É elucidativo comparar as taxas de desemprego ao longo dos anos entre os afro-americanos e os brancos. O gráfico abaixo mostra como, durante 60 anos, a taxa de desemprego para os trabalhadores negros era quase permanentemente duas vezes a taxa de desemprego dos trabalhadores brancos. E a mesma diferença quanto à pobreza e à população empregada com baixos salários: as pessoas afro-americanas são duas vezes mais pobres e têm o dobro dos empregos com salários baixos. As estatísticas são igualmente desproporcionadas para os e as latino-americanos e os autóctones.
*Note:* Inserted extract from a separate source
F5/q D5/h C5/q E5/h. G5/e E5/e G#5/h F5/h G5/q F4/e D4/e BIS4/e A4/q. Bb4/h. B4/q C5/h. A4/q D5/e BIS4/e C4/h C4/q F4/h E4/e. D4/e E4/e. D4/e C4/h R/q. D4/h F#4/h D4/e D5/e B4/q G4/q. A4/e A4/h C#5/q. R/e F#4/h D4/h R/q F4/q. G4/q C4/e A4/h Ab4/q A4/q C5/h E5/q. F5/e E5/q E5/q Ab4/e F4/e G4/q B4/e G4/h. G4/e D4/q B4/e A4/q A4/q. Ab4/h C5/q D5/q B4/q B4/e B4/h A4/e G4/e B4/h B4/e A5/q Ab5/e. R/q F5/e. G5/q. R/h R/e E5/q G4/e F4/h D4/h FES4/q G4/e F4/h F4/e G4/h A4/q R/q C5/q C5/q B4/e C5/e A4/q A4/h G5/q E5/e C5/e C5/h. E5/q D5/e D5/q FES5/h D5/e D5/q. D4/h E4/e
Quanto à repressão do Estado, o contraste é ainda mais impressionante: a taxa de encarcerados afro-americanos é seis vezes maior que a mesma taxa de brancos. Mais de metade dos 2,3 milhões de presos do país são pessoas de cor. Quanto aos mortos pela polícia, a taxa é 21 vezes superior para os afro-americanos. Diga-se que a polícia mata à volta de 400 pessoas por ano (www.propublica.org/article/deadly-force-in-black-and-white). Michel Alexander, no seu livro «The New Jim Crow: Mass Incarceration in Age of Colorblindness», insiste  no facto de entre 1970 e 1995, o encarceramento de afro-americanos foi multiplicado por sete, o que significa uma forma disfarçada de escravatura.
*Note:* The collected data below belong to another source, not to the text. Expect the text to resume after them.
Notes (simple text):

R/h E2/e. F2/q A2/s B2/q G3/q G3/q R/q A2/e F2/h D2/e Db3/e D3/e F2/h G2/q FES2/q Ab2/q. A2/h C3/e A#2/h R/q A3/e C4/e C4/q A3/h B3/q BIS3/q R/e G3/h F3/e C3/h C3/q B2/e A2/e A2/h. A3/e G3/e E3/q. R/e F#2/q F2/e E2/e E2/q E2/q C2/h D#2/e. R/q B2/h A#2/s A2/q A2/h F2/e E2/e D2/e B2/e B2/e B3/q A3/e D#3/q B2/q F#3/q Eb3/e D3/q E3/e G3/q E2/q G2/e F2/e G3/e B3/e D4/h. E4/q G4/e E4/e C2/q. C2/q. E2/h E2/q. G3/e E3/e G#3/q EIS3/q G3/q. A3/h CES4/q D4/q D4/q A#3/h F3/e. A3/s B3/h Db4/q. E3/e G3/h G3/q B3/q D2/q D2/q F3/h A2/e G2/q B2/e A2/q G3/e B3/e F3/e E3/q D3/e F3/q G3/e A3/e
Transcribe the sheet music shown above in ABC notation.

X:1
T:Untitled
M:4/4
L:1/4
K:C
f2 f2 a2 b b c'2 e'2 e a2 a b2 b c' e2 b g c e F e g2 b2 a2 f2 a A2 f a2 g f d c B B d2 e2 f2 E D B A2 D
A rápida evolução da demografia, sobretudo devido à imigração, fez com que 100 dos 320 milhões de pessoas dos EUA sejam pessoas de cor. Esta proporção dentro da classe operária é ainda mais elevada. Nalgumas das zonas onde os trabalhadores começaram a lutar contra o ataque implacável da classe dirigente – por exemplo, na tentativa de organização dos trabalhadores com salário baixos na indústria de comida rápida (McDonald) ou nas cadeias de grandes superfícies (Walmart) – são geralmente pessoas trabalhadoras de cor, nas quais as mulheres estão à cabeça. Em função das suas diferentes experiências de vida este sector da classe operária tende a ser mais crítico e politicamente mais consciente que a parte da população branca que também é pobre. A solidariedade entre todos os sectores de trabalhadores pobres é essencial para que as lutas triunfem.

Como vai continuar a luta?

Não importa tanto o que vai suceder; uma grande alteração já teve lugar. Muitas dezenas de milhares de pessoas participaram nas prolongadas acções militantes. Muita raiva e indignação surgiram não apenas em Ferguson e em Nova Iorque, mas a cada novo exemplo de impunidade concedida pelo sistema judicial aos polícias assassinos. A força deste movimento está na solidariedade entre os seus participantes negros, mulatos e brancos, seguindo todos a direcção das mulheres e homens afro-americanos, geralmente jovens, que assumiram uma maior responsabilidade. É um novo movimento com uma nova liderança ainda não de todo definida. Há sinais de simpatia entre o movimento de luta contra a brutalidade policial de aqui e de apoio aos movimentações na Palestina e contra a guerra imperialista, ainda que tudo se encontre num estado inicial. Há alguma identificação com as lutas dos trabalhadores com baixos salários por salários mais altos e alguma organização sindical. É uma luta, como diria José Martí, no «ventre da besta» e, no mínimo, vai provocar uma má digestão ao imperialismo estadunidense.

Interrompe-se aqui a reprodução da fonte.